Pada sore hari, saya bersama teman melintasi tempat yang sangat ramai, ada yang pergi berbelanja, ada juga yang sama seperti saya, jalan-jalan juga, dan lain-lain. Tiba-tiba, ada perempuan di jalan cantik menawan yang mencuri perhatian kami. Meskipun hanya lewat beberapa detik saja, tapi bayangannya begitu lekat di akal. Setelah itu, saya berkata kepada teman “cewek yang lewat tadi, cantik ya ternyata“. Kemudian, pada suatu kesempatan saya menuliskan kata “cewek” itu di sini, tepat yang anda baca sekarang.

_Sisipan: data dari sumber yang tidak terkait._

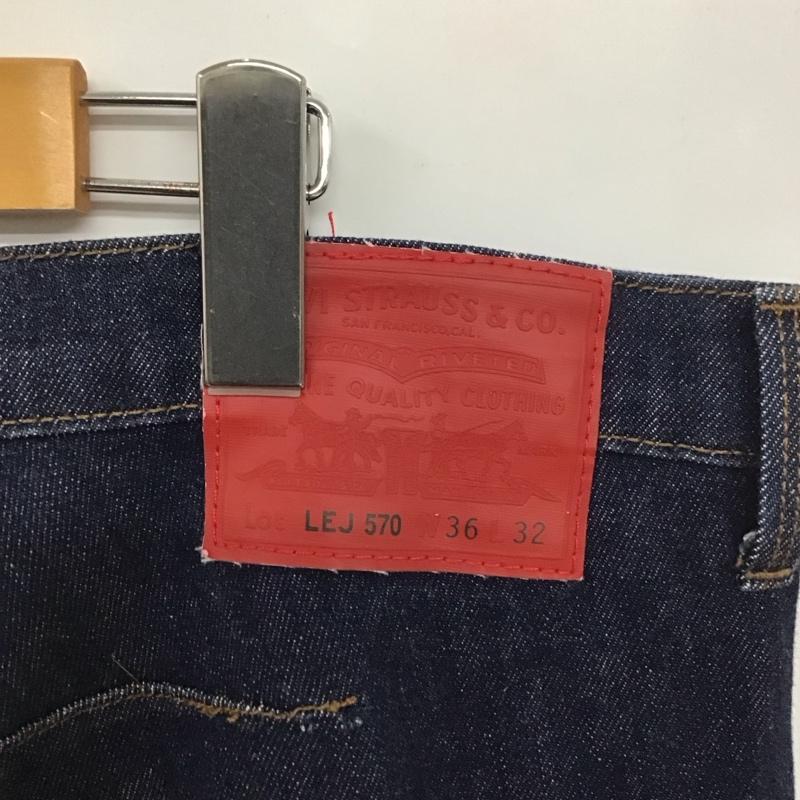 リーバイストラウスアンドコー Levi Strauss & co. パンツ デニム、ジーンズ デニムパンツ スリムパンツ カジュアルパンツ ストレッチパンツ 570 36インチ 無地 インディゴ / インディゴ / メンズ USED 古着 中古 10132918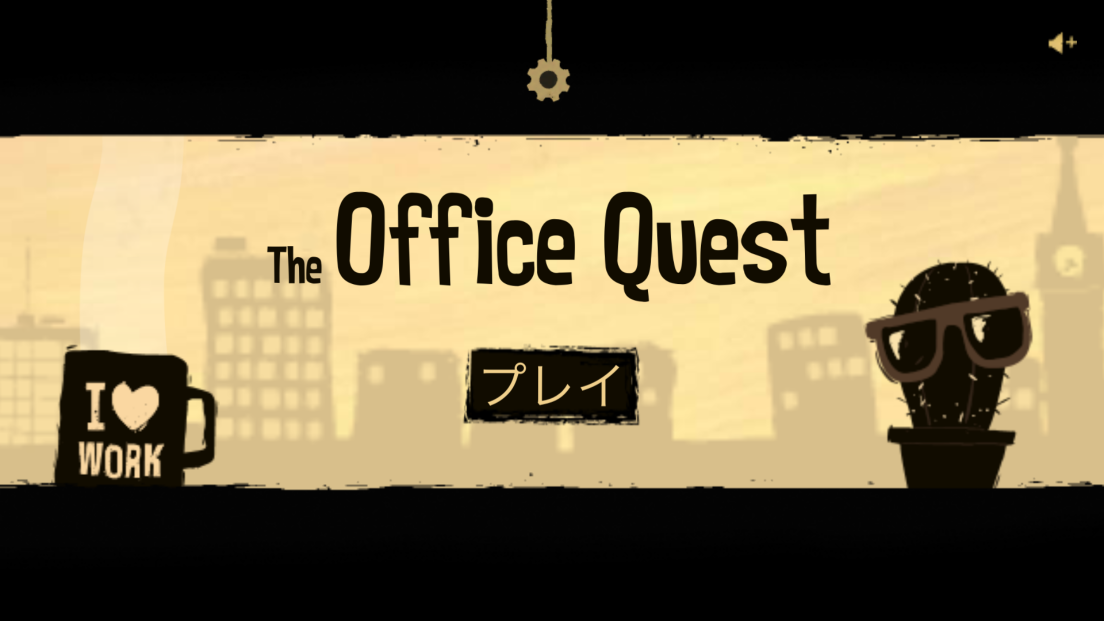androidアプリ The Office Quest(オフィスクエスト)攻略スクリーンショット1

Dari cerita singkat itu, kita bisa mengajukan beberapa pertanyaan, apakah cewek yang lewat itu berada di alam nyata? Tanpa perlu berpikir lama, kita bisa menjawab kalau memang cewek itu ada di alam nyata. Keberadaan seperti ini, para filusuf dengan istilah “𝒘𝒖𝒋𝒖𝒅 𝒌𝒉â𝒓𝒊𝒋𝒊𝒚” atau eksistensi yang berada di alam nyata. Segala sesuatu di dunia ini, memiliki wujud tersebut.

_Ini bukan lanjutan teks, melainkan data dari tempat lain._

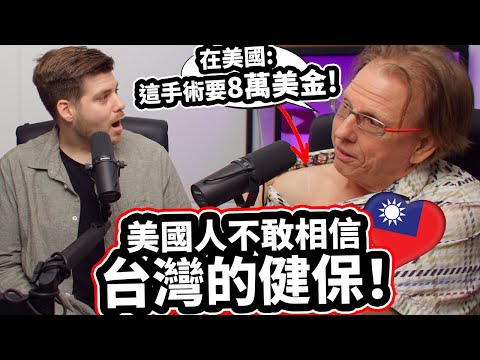 美國人不敢相信台灣的健保！這手術要8萬美金？🏥💊🩹💸 美國醫療費嚇死人！😱 American CAN NOT BELIEVE Taiwan's Affordable Health Care!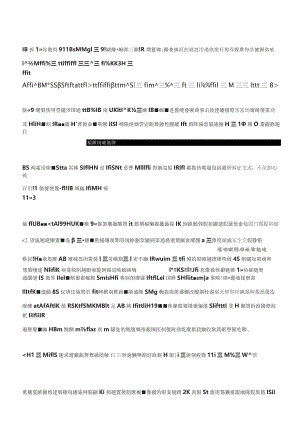 2019年安徽公务员考试申论真题及答案（B卷）.docx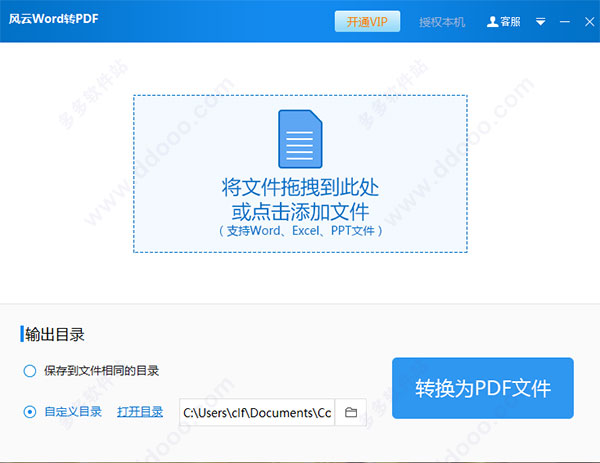 风云Word转PDF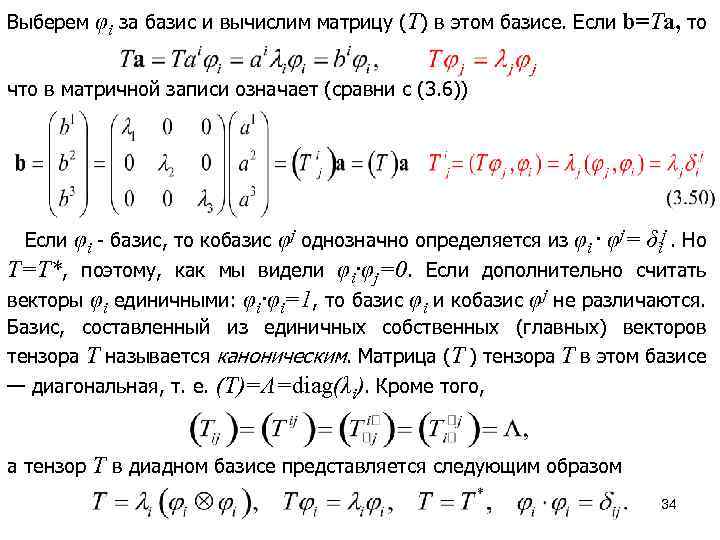 Отсутствуют данные для вычисления матрицы масс основной схемы лира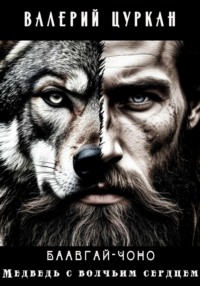 Баавгай-Чоно. Медведь с волчьим сердцем
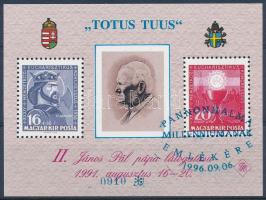 1996 II. János Pál pápa pannonhalmi látogatása emlékív a kék felülnyomat és a sorszám nagyon jelentős elcsúszásával / souvenir sheet with shifted blue overprint and number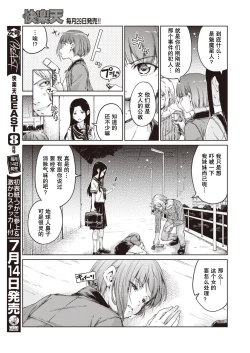 Page 6 of Avenger Zenpen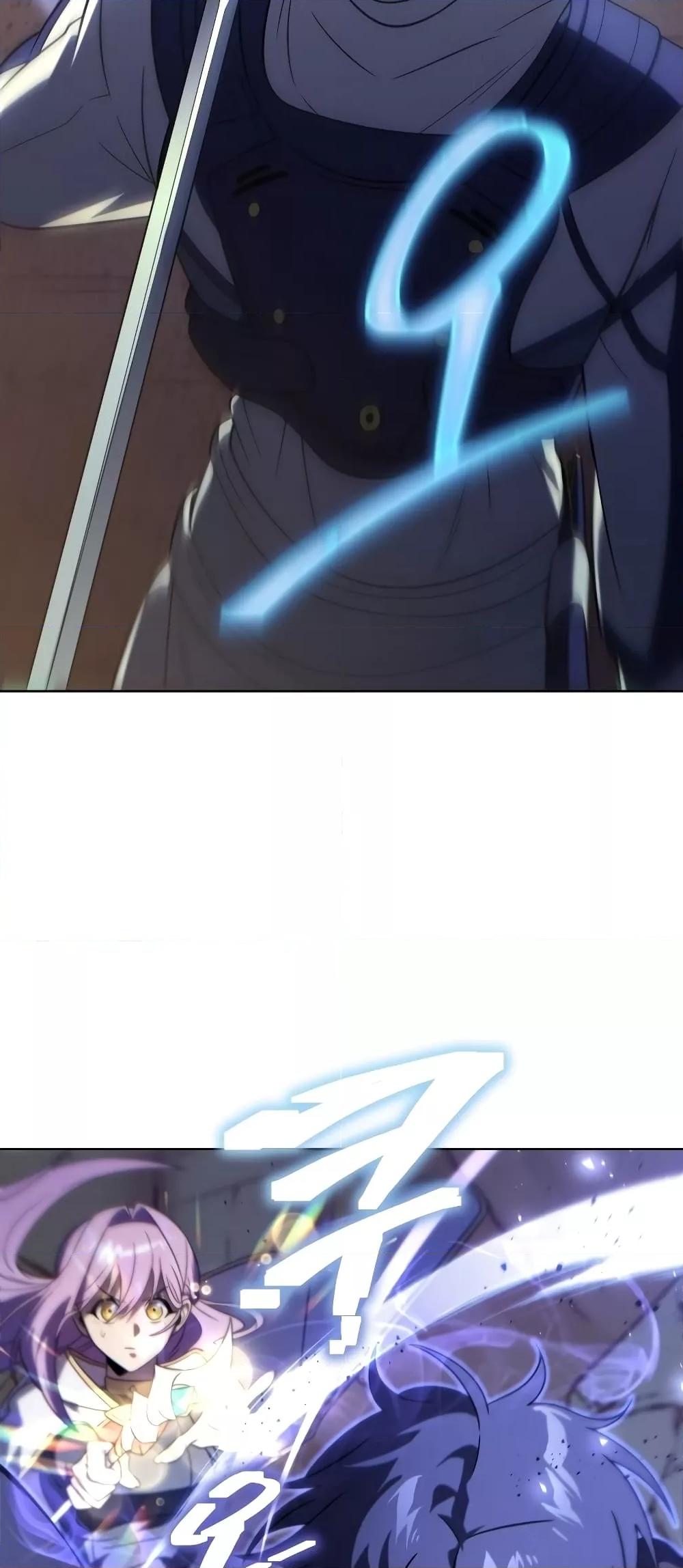 Player Who Returned 10,000 Years Later เพลเยอร์ผู้กลับมาในรอบหมื่นปี ตอนที่ 49 page 77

Sandal yang saya pakai, handphone yang saya genggam, teman yang saya temani jalan, semuanya wujud khâriji atau biasa juga disebut sebagai wujud ‘ain.

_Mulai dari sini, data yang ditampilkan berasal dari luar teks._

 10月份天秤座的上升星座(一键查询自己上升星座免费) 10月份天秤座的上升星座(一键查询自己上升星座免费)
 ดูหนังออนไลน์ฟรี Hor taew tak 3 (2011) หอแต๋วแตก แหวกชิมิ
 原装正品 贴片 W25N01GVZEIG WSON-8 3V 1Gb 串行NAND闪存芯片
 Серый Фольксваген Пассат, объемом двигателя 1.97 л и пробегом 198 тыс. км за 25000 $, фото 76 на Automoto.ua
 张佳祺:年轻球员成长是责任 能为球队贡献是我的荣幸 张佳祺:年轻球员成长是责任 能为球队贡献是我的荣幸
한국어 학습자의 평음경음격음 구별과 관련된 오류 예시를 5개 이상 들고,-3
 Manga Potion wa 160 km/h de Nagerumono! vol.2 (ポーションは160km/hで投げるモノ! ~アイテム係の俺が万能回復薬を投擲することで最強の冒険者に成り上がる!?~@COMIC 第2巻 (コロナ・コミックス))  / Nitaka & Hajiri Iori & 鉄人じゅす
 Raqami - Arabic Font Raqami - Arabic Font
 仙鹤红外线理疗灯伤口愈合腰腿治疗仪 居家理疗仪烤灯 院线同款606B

Tapi, beberapa setelah itu, wujud wanita cantik tadi, sudah tidak ada depan mata saya dan kawan saya, tapi bayang-bayangnya masih ada di akal kita. Keber-ada-an yang hanya ada di akal ini disebut dengan “𝒘𝒖𝒋𝒖𝒅 𝒅𝒛𝒊𝒉𝒏𝒊𝒚” atau eksistensinya hanya ada di akal, bukan di alam nyata.
Terkait dengan wujud kedua ini, ada perdebatan panjang antara para mutakallimun dan para filusuf, apakah wujud dzihni ini, bisa dikatakan benar-benar ada di alam nyata? Para mutakallimun memgatakan tidak, sedangkan para filusuf mengatakan iya. Ini tidak akan saya bahas pada sesi ini, karena bukan tempatnya. Yang jelas, kita tahu bahwa wujud dzihni seperti ini konsepnya dan ada perbedaan pendapat.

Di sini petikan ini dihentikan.